WHAT NEEDS TO BE DONE
Repeat the records in full. No pictures belong in the copy.

Pictures with short captions

== Segment start ==

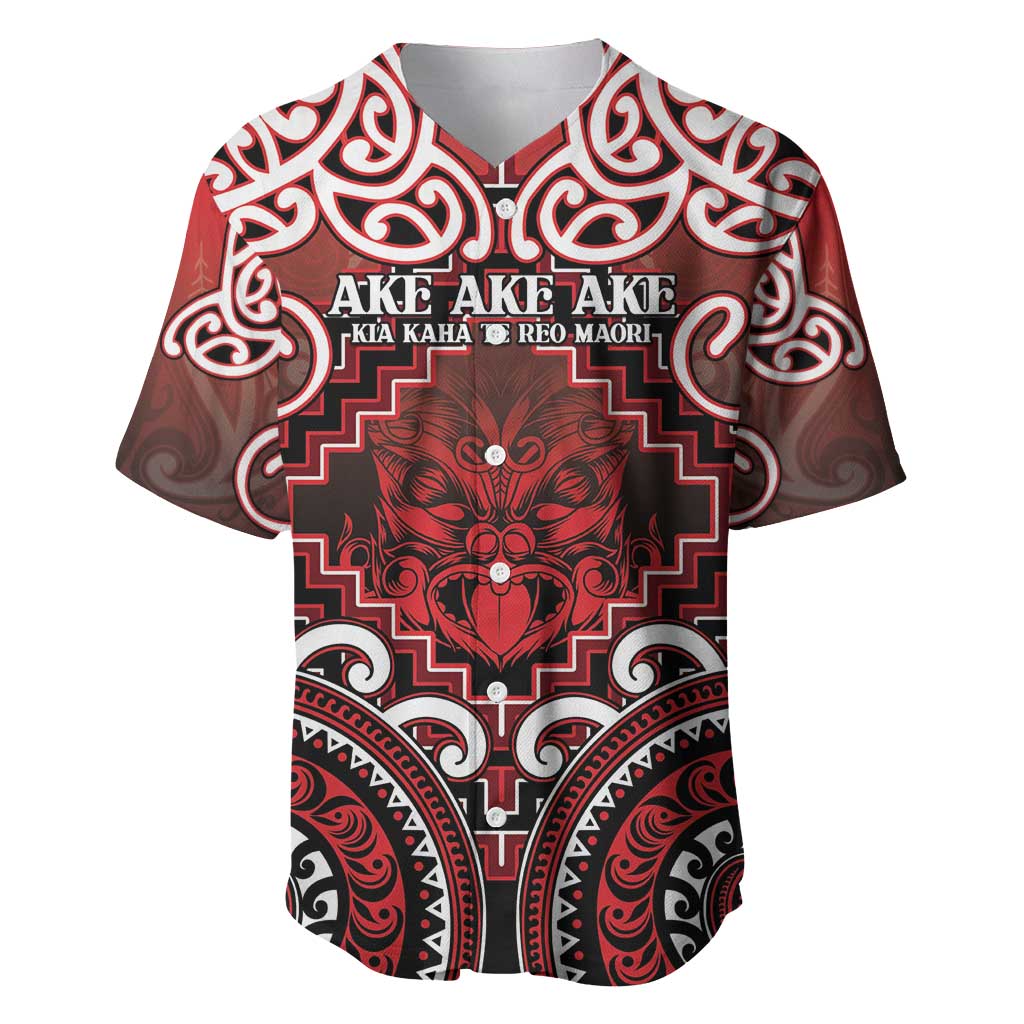Personalised New Zealand Aotearoa Baseball Jersey Te Reo Maori Ake Ake Ake - Polynesian Pride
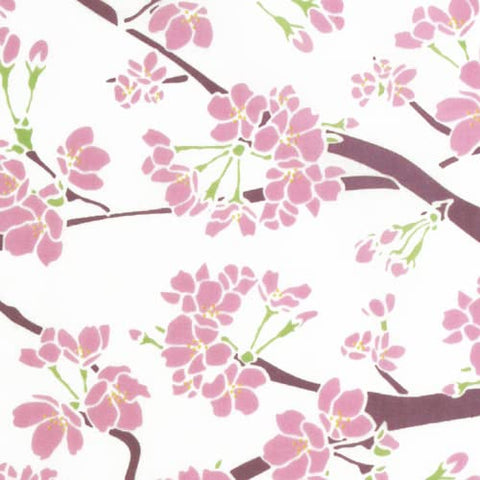染の安坊 手ぬぐい「桜の花 白地」 本染め 綿100% 特岡 日本製 35cm×100cm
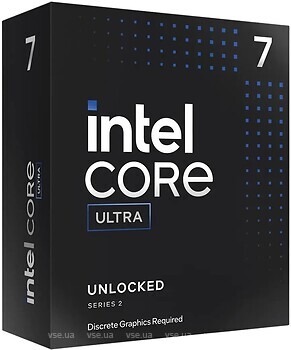 Фото Intel Core Ultra 7 265K Arrow Lake 3300Mhz Box (BX80768265K)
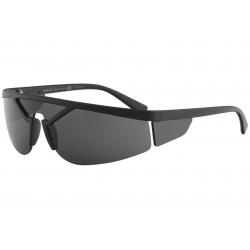 Versace VE4349 VE/4349 Fashion Shield Wrap Sunglasses - Matte Black/Grey   5079/87 - Lens 39 Bridge 13 Temple 125mm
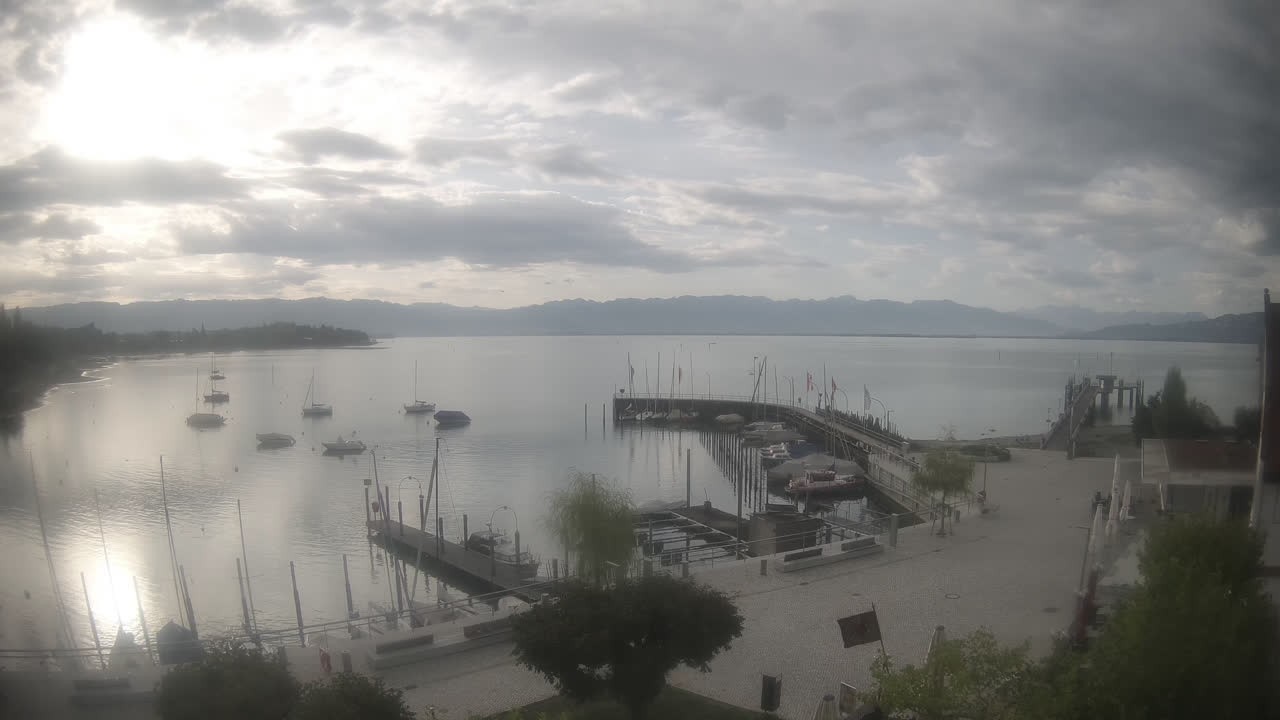 Archiv Foto Webcam Wasserburg am Bodensee: Hafen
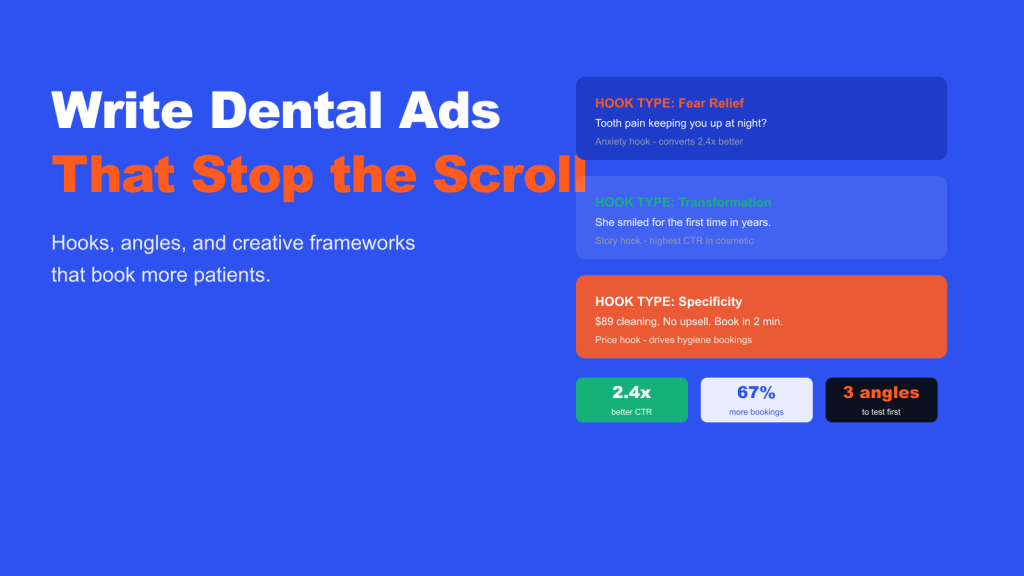Write Creative Dental Ads That Stop the Scroll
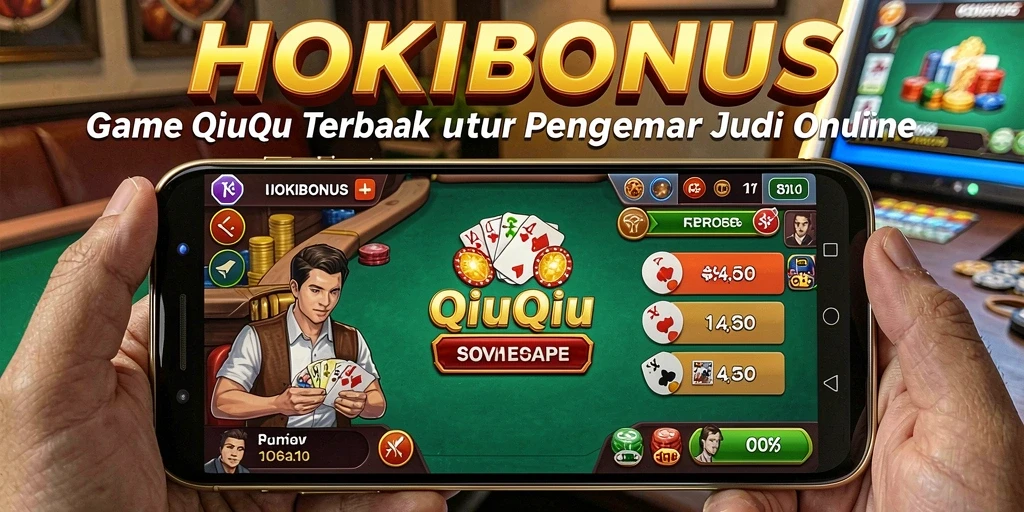Screenshot gameplay HOKIBONUS menampilkan suasana seru permainan QiuQiu.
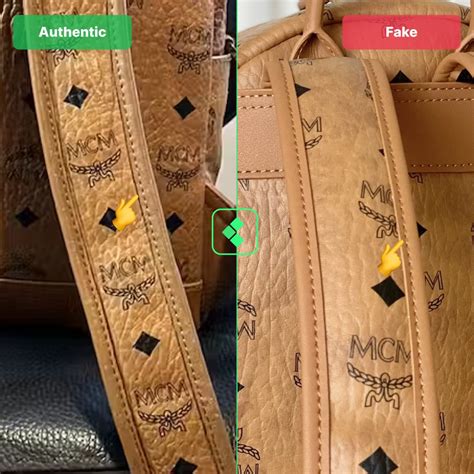 how to tell fake mcm bags|how to spot a real mcm bag.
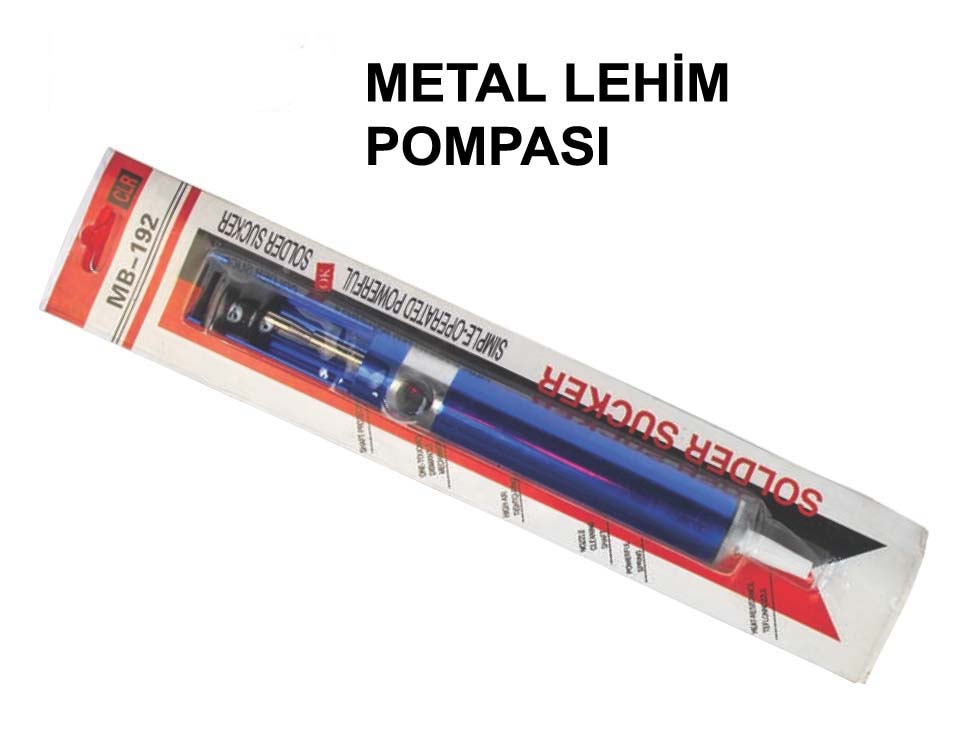 METAL LEHİM POMPASI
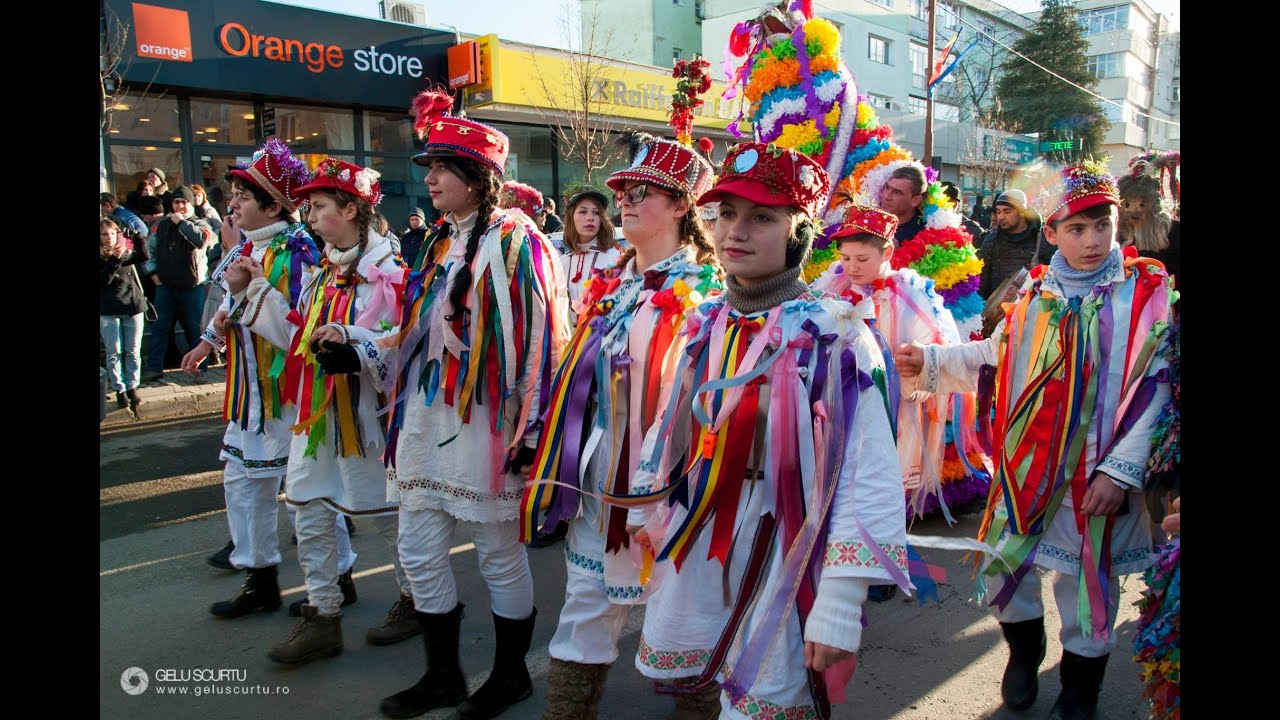 Capra din Berești Tazlau Festival Moinești 27 12 2024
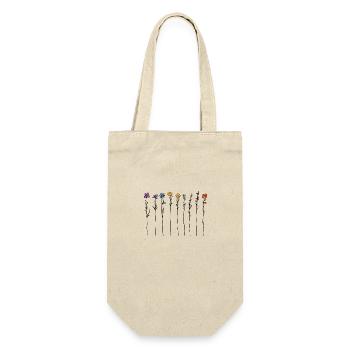 Subtle watercolour flowers - Gift Bag for Bottles - nature - Front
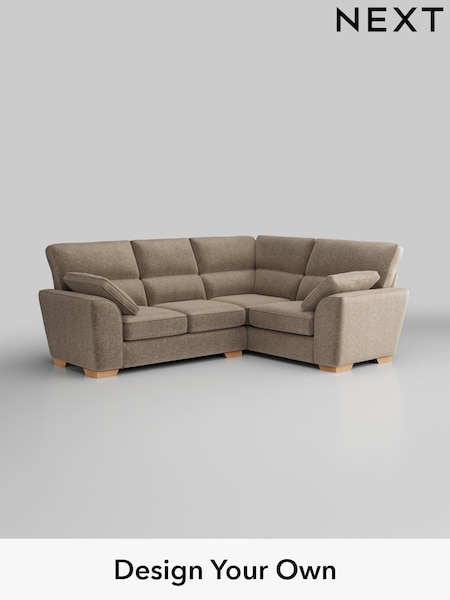 Plush Chenille/Mid Natural Stamford Highback (H36089) | £2,150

== Segment end ==

SOLUTION
Personalised New Zealand Aotearoa Baseball Jersey Te Reo Maori Ake Ake Ake - Polynesian Pride
染の安坊 手ぬぐい「桜の花 白地」 本染め 綿100% 特岡 日本製 35cm×100cm
 Фото Intel Core Ultra 7 265K Arrow Lake 3300Mhz Box (BX80768265K)
 Versace VE4349 VE/4349 Fashion Shield Wrap Sunglasses - Matte Black/Grey   5079/87 - Lens 39 Bridge 13 Temple 125mm
 Archiv Foto Webcam Wasserburg am Bodensee: Hafen
Write Creative Dental Ads That Stop the Scroll
Screenshot gameplay HOKIBONUS menampilkan suasana seru permainan QiuQiu.
 how to tell fake mcm bags|how to spot a real mcm bag.
 METAL LEHİM POMPASI
 Capra din Berești Tazlau Festival Moinești 27 12 2024
 Subtle watercolour flowers - Gift Bag for Bottles - nature - Front
 Plush Chenille/Mid Natural Stamford Highback (H36089) | £2,150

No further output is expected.